It was May 3, less than four months after he had been hired to coach the National Football League’s New Orleans Saints, and Ditka, standing in front of a packed conference room at a Christian men’s prayer meeting, spoke with the conviction of a preacher. It was no act.

In the months after his speech, it has become clear that Ditka, 58, is as consumed with God as he is with football.

“You must plug in daily to the only source of power that counts in our lives, and that is the Lord,” said Ditka, a Roman Catholic.

No, he hasn’t undergone a metamorphosis from cantankerous coach to choirboy. He still can be hostile, intimidating and profane. Yet, other signs reflect a spiritual transformation for Ditka since he was fired as coach of the Chicago Bears in 1992.

Consider: Ditka made one of his most important off-season decisions during a three-day Jesuit retreat, surrounded himself with spiritual men and began reading the Bible with heightened interest. In short, he centered his life on God.

Among the results are a Saints team bound in part by a shared faith, the presence of religious advisers who talk of curses and faith healing, and some players who spend as much time with the Good Book as the play book.

“Strong spiritual beliefs are essential to get through life,” Ditka said recently. “But that don’t mean we’re not going to try to kick the other guy’s ass.”


But as his team staggers through the second half of the season with a losing record (4-7 as of Nov. 19), Ditka no longer sounds like the same coach who led the Bears to victory in the 1986 Super Bowl.

“This doesn’t have to be a success in the eyes of man,” Ditka said of the prospect of a similar triumph in New Orleans. “It may be, and I believe it will be. But it doesn’t have to be …

“God put me in this situation, and maybe it’s to turn me around. I believe that’s what is happening, and I rather enjoy it.”

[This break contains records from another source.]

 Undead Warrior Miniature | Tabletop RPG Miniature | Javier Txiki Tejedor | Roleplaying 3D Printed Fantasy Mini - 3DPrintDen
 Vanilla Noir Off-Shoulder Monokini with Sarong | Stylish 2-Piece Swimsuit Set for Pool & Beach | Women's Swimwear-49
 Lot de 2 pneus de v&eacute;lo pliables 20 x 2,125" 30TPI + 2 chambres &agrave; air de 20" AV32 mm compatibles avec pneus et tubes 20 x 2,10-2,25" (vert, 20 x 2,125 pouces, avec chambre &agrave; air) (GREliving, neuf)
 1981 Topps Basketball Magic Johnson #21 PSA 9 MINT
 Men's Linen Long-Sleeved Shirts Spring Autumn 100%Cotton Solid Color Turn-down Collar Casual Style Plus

For more than a decade, the Saints nurtured a spiritual presence. But never, said several team officials, was that presence as strong and visible as it is now.

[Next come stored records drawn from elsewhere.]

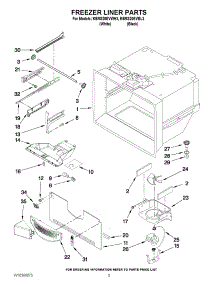 03 - Freezer Liner Parts parts for Kitchenaid Refrigerator KBRS20EVWH3 from AppliancePartsPros.com
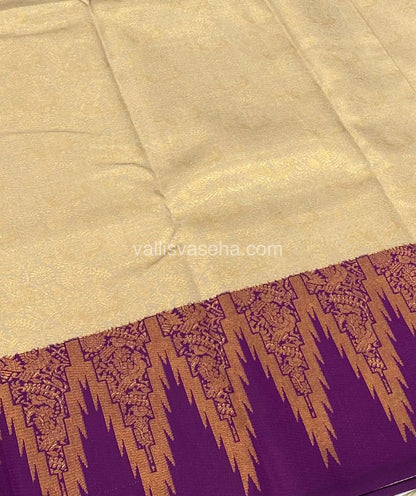 Kanchi Semi Silk - Creamish Grey with Purple - Temple Border  - VVKSS001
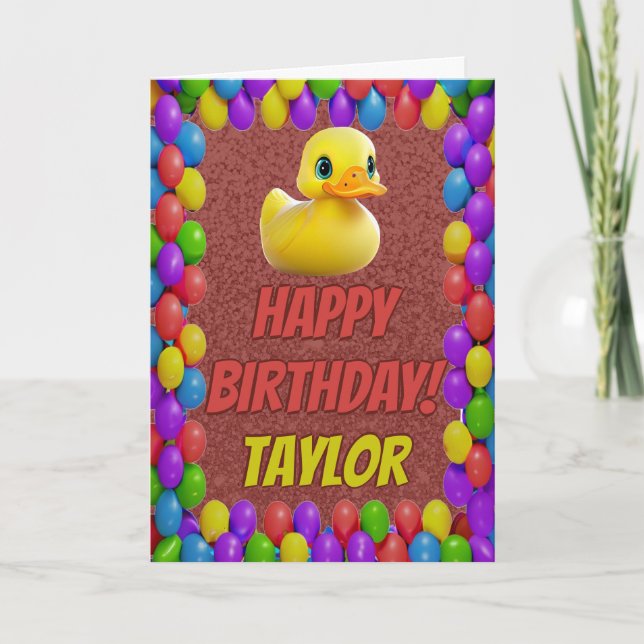 Carte Rubber Duck Salutation personnalisée Fun Anniversa (Devant)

Every NFL team except the Oakland Raiders has a chaplain, and most teams have active Bible study groups. But the Saints go beyond the traditional bounds of Bible study and team prayer, using the services of an extended spiritual support staff.

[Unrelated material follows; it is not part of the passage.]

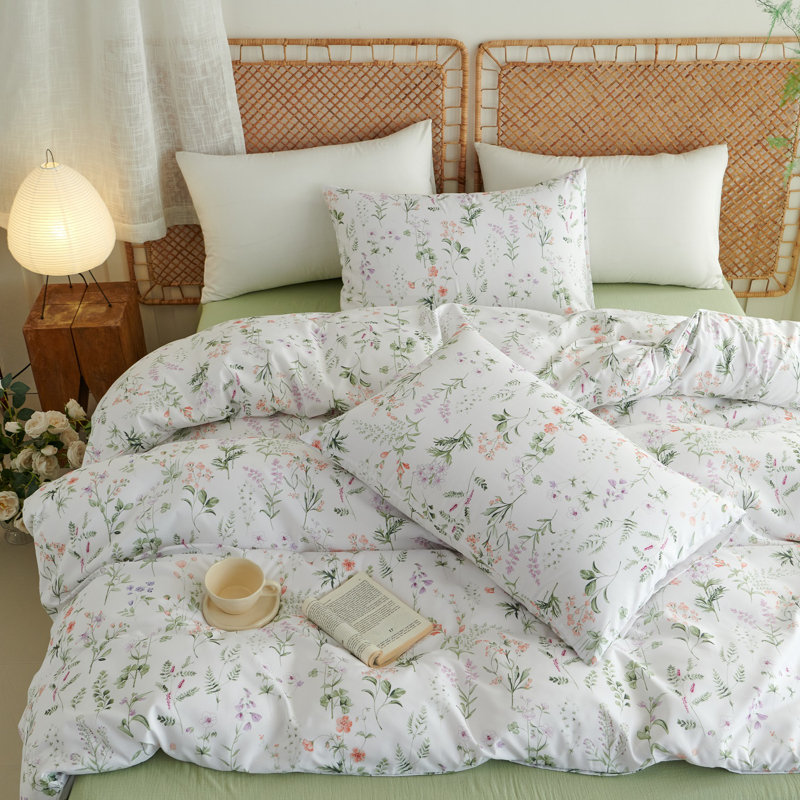 Nayoroom French Garden Durable Farmhouse Pink Flowers White Cotton Duvet Cover Set Aesthetic Garden Style Soft Floral Bedding Set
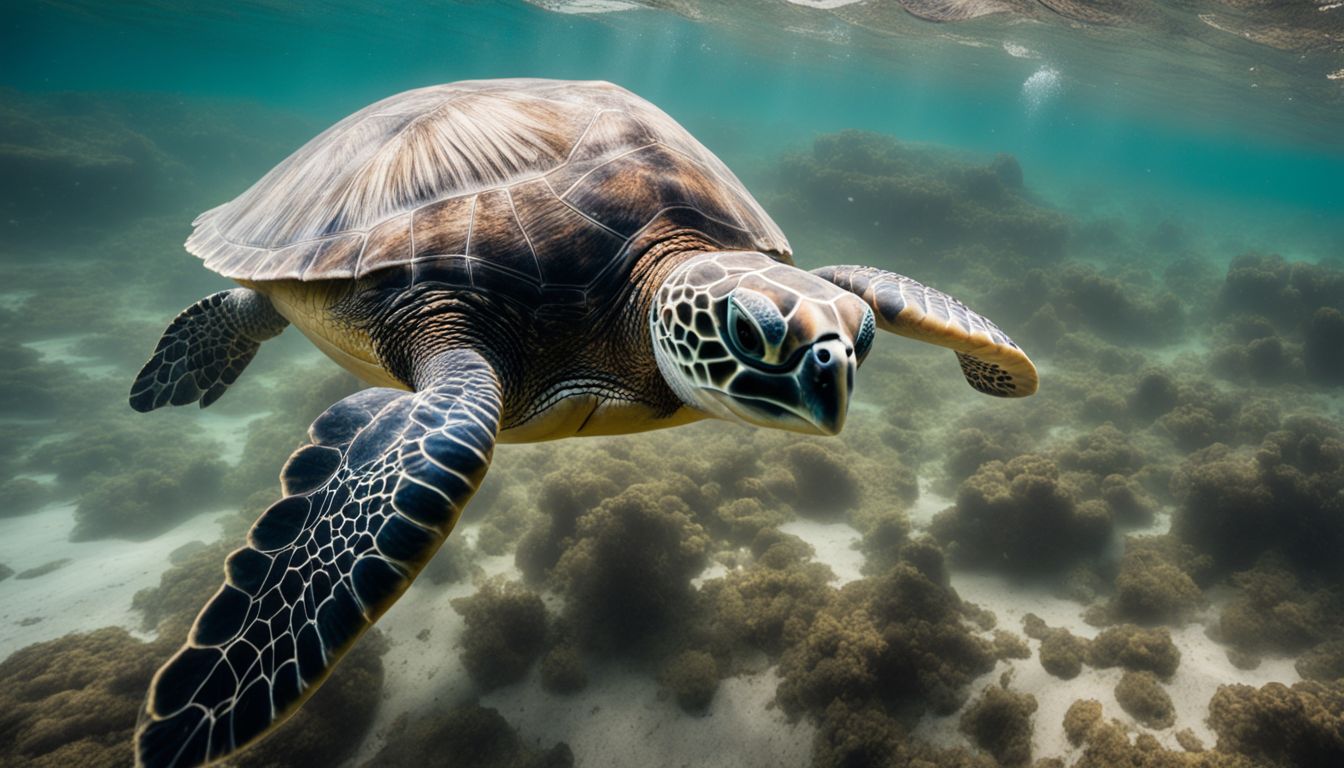 A sea turtle surrounded by plastic debris in the ocean.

In addition to longtime team chaplain Jim Fast, the religious retinue includes the Rev. Robert Seay, a Catholic priest from New Orleans who says he has a special gift from God to heal those suffering physically and mentally. He said he is willing to try his gifts on the Saints.


Then there is Jacob Aranza, who runs a non-denominational Christian ministry in Lafayette, La., who said he thinks New Orleans’ history of voodoo and witchcraft may have saddled the Saints.

“I honestly believe there’s been almost a curse on the team,” Aranza said.

Several team members have embraced Aranza, who leads the coaches’ weekly Bible study and counsels players. He first spoke to the team last year at the request of Fast and returned this season at the urging of Bill McCartney, the founder of Promise Keepers, the Christian men’s movement. McCartney is a former University of Colorado football coach who remains close friends with Saints defensive coordinator Zaven Yaralian, a former Colorado assistant.

But Aranza only partially credits McCartney for his role with the Saints.

“To me, it was a divine appointment,” Aranza said.

Despite some talk of curses and faith healing, the Saints’ spiritual movement is more mainstream. Between 10 and 18 players on the 53-man roster attend weekly Bible study.

According to several players, the environment has helped keep the team together in times of turmoil.

“If you’re playing with guys who have the same beliefs and feel like you do, you can weather anything,” defensive tackle Wayne Martin said.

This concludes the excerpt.